Foodies from both groups say that their love for the savory spread forces them to meet.
Abu Gosh, Israel
Every weekend, this quiet Israeli- Arab village in the Jerusalem hills becomes snarled with the traffic of hungry Israeli day-trippers.
They come here in search of hummus, and hustlers from rival restaurants ambush motorists with directions to famous eateries. Describing Abu Gosh as a "good hummus pit stop," Rami Dourant explains why he visits the village even though he can eat the chickpea dish in any Jewish city in Israel.
"We need to stick with the Arab tradition," says the Jewish organizational psychologist as he left Abu Gosh's Haji restaurant. "Jews sometimes come up with gimmicks for hummus that don't work."
While foreigners know it as a dainty Mediterranean dip found in boutique delis, hummus for Israelis and Palestinians is a savory sustenance devoured by the vat everywhere from dusty refugee camps in the West Bank to yuppie hot spots in Tel Aviv. Both staple and delicacy, it's a culinary icon that's a prism of the complex nexus between two neighboring peoples in constant strife.
Critics consider Israeli interpretations of hummus as merely byproducts of decades of Israeli expropriation of Palestinian land. But some see the spread as a glimmer of hope for reconciliation despite grim political prospects for peace.
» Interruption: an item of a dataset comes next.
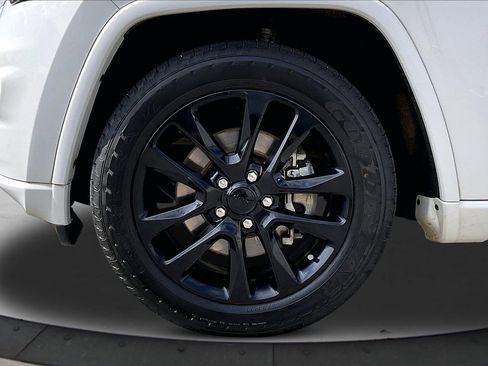 Certified 2021 Jeep Grand Cherokee Laredo X RWD image 34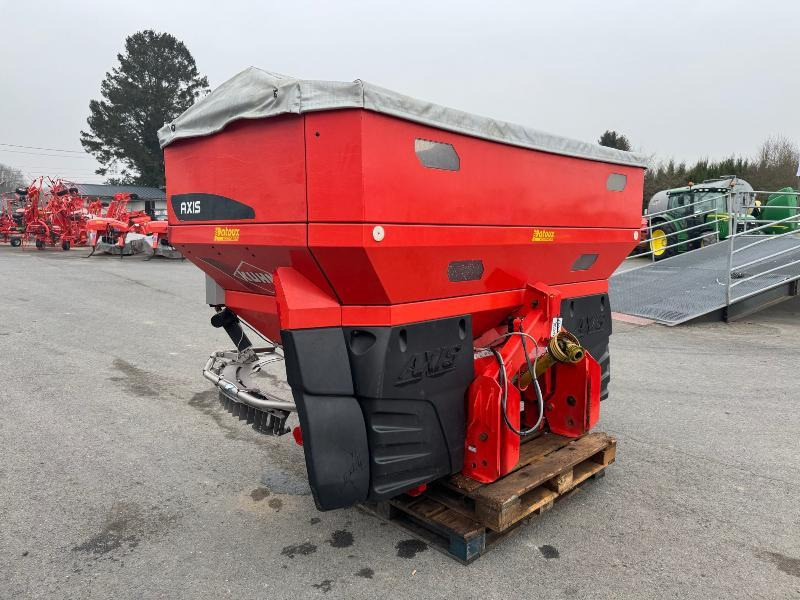 KUHN AXIS50.1W - Rasipač gnojiva: slika KUHN AXIS50.1W - Rasipač gnojiva KUHN AXIS50.1W - Rasipač gnojiva: slika KUHN AXIS50.1W - Rasipač gnojiva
"For me, hummus is a cultural place where Israelis and Arab cultures communicate and cooperate," says Shooky Galili, the editor of a Hebrew weblog entitled "Hummus for the masses." "There is no separation for me between Israeli and Arab food. I eat what's tasty." Galili's blog offers food reviews for the sort of Israelis who are willing to drive hours – usually to remote Arab villages – in search of the obscure "humusiya" restaurant rumored to serve up the best version of the spread. Indeed, in a place where Arabs and Jews are mostly segregated from one another, the dip is one of the few things that brings them together.